**Description of the task**
Look through the listing below for lines containing "Gebraucht". State how many there are, and nothing else.

Input data Block Start

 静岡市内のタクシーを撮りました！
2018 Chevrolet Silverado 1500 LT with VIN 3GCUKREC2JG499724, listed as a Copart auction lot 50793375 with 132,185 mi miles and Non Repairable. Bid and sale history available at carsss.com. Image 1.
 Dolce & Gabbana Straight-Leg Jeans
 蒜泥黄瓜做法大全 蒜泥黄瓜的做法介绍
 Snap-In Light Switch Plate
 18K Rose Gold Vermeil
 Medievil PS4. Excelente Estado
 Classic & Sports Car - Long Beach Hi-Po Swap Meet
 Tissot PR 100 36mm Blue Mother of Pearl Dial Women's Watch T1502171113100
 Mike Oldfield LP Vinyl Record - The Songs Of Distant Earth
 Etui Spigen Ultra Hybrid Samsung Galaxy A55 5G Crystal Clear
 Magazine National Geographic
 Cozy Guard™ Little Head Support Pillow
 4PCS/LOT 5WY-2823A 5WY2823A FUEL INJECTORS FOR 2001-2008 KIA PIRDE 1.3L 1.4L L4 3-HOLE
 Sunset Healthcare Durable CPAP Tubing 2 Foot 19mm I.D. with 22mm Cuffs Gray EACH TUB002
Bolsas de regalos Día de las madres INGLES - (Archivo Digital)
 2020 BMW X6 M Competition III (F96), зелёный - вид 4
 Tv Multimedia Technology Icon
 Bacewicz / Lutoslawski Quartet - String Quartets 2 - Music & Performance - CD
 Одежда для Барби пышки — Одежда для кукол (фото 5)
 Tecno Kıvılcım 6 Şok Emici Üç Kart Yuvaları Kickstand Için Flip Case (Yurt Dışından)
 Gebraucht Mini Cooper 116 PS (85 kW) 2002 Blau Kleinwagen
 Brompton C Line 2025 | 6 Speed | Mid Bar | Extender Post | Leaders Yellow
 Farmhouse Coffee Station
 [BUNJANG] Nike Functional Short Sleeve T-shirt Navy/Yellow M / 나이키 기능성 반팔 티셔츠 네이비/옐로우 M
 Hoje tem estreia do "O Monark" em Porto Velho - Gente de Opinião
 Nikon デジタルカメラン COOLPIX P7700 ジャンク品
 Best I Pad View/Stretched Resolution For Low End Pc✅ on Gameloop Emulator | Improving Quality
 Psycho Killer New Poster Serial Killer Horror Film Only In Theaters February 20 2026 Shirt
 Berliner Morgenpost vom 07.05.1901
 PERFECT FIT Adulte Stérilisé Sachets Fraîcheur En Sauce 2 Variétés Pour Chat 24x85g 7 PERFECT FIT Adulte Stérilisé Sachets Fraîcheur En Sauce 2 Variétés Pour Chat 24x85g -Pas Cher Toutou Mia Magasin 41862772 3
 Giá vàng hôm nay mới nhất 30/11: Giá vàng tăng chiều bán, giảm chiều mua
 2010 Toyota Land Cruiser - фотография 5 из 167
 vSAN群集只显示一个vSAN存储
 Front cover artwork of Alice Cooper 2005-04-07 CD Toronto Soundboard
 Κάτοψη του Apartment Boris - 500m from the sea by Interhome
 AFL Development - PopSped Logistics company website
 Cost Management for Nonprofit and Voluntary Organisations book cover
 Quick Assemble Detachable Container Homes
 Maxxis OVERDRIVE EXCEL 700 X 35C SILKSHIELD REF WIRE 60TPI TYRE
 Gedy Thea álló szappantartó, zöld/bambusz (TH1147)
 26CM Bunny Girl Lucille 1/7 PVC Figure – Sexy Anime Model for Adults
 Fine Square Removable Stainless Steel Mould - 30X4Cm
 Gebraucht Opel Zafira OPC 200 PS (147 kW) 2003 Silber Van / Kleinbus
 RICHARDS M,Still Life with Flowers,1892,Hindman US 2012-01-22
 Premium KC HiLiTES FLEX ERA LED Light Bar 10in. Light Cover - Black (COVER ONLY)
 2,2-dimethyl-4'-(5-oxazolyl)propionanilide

Input data Block End

**Answer to this task**
2